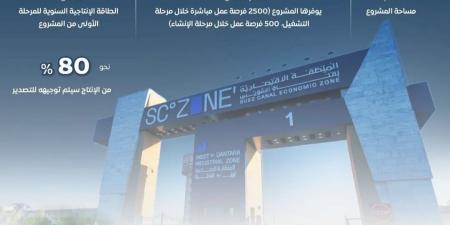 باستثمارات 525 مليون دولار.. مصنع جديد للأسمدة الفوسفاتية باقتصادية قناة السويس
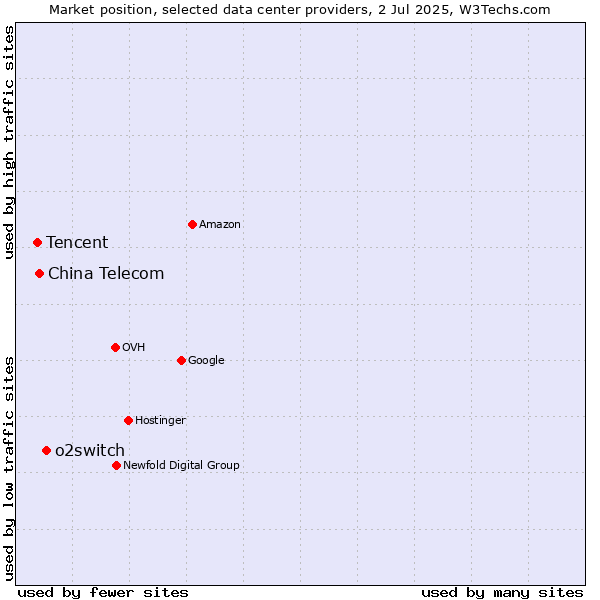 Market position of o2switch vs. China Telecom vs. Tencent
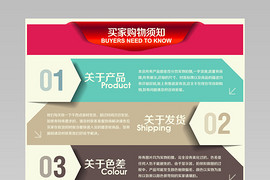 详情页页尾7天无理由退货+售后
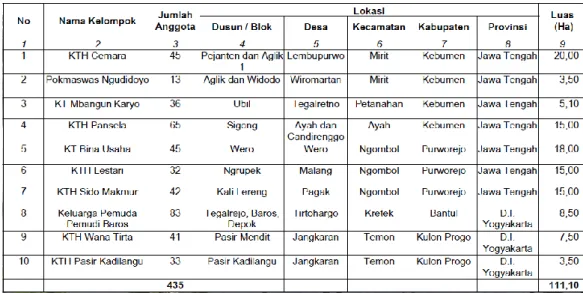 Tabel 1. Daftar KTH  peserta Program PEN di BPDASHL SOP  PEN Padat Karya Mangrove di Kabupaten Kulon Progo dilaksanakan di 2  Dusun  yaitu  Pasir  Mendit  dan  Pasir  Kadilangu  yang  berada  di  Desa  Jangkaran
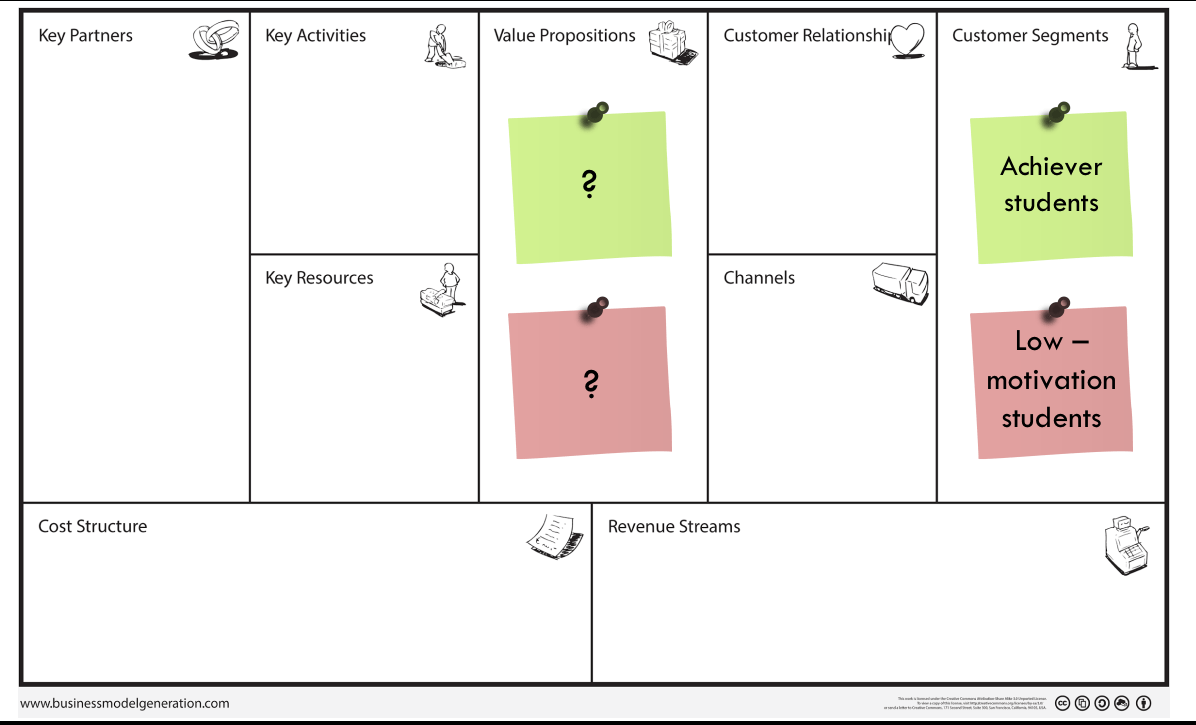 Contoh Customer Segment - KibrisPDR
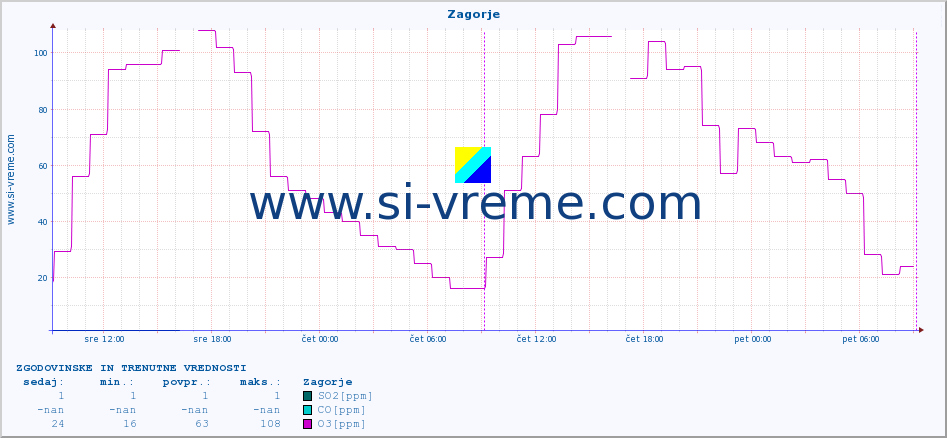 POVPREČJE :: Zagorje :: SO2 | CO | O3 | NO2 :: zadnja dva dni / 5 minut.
○ ○ ○ ○
▶ [Requirement] Provide an exact copy of only the lines from the beginning of the entries through the line containing "详情页页尾7天无理由退货+售后", both ends included, with no pictures.

▶ [Answer to this problem]
 باستثمارات 525 مليون دولار.. مصنع جديد للأسمدة الفوسفاتية باقتصادية قناة السويس
 Market position of o2switch vs. China Telecom vs. Tencent
 详情页页尾7天无理由退货+售后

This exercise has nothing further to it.